Extracted records
-=-=-=-=-

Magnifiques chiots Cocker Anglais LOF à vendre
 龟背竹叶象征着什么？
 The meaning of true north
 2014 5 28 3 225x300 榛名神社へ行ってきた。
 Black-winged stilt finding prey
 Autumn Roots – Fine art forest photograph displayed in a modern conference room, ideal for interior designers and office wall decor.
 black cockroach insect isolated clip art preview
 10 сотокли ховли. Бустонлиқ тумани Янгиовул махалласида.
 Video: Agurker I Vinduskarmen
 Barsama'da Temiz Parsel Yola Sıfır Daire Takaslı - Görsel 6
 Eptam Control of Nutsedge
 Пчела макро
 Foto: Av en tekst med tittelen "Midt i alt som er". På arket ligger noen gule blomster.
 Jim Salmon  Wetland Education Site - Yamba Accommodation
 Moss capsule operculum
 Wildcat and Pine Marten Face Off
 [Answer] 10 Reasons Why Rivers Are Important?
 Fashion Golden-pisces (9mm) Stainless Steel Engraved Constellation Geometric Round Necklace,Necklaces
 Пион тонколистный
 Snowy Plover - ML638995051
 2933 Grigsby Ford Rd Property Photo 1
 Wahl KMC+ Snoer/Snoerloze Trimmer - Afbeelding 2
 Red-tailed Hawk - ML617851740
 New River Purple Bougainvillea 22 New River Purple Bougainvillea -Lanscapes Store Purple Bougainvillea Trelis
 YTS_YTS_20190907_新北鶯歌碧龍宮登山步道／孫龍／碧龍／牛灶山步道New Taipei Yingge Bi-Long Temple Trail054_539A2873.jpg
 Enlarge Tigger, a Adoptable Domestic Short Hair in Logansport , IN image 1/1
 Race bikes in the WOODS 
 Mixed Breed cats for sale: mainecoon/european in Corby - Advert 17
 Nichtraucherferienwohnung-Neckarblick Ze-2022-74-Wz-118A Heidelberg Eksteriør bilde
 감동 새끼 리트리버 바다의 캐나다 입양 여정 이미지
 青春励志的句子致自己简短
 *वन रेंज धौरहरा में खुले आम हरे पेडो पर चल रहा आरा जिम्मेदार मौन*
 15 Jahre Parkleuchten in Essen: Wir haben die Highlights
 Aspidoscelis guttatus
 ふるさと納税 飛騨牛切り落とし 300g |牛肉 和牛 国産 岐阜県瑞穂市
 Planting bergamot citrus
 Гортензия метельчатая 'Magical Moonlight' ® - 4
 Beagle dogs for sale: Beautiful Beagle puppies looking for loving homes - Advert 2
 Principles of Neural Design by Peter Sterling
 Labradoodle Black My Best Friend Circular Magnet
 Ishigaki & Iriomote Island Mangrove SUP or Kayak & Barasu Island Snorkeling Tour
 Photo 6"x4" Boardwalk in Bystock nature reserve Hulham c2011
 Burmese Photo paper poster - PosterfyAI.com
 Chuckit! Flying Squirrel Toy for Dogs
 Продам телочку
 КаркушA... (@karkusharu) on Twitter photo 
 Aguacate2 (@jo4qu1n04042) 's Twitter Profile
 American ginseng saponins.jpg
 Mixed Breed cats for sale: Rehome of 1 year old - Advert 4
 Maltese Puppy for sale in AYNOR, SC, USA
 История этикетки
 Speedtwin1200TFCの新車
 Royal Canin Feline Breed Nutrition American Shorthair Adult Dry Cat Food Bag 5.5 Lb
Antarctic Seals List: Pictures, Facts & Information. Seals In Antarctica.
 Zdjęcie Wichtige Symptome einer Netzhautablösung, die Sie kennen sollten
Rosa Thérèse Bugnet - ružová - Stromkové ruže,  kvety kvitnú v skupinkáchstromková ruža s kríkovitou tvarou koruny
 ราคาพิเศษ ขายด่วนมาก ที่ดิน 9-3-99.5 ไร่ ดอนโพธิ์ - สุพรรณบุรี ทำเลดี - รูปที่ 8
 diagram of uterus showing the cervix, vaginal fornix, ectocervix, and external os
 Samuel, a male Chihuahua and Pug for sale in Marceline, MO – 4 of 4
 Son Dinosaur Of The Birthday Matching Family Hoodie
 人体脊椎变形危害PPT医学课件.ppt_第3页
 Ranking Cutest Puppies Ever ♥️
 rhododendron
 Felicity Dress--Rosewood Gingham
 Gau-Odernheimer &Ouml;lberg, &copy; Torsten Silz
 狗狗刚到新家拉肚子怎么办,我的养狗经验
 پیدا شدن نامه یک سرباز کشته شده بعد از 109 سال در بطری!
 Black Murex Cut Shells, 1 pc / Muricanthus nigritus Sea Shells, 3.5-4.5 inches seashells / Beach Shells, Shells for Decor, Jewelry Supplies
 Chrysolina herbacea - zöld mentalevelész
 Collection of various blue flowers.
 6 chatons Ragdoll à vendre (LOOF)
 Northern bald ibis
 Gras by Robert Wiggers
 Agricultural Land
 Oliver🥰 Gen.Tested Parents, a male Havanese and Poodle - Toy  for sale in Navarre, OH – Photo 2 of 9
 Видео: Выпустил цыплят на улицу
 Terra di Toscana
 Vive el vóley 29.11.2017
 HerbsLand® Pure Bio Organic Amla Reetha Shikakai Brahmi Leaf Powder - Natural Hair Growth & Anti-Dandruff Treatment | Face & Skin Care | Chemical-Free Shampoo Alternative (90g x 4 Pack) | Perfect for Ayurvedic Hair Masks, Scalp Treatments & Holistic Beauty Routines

-=-=-=-=-

### EXERCISE OBJECTIVE
In the records above, locate each line with the word "sale". Copy all such lines.

### RESPONSE
 Mixed Breed cats for sale: mainecoon/european in Corby - Advert 17
 Beagle dogs for sale: Beautiful Beagle puppies looking for loving homes - Advert 2
 Mixed Breed cats for sale: Rehome of 1 year old - Advert 4
 Maltese Puppy for sale in AYNOR, SC, USA
 Samuel, a male Chihuahua and Pug for sale in Marceline, MO – 4 of 4
 Oliver🥰 Gen.Tested Parents, a male Havanese and Poodle - Toy  for sale in Navarre, OH – Photo 2 of 9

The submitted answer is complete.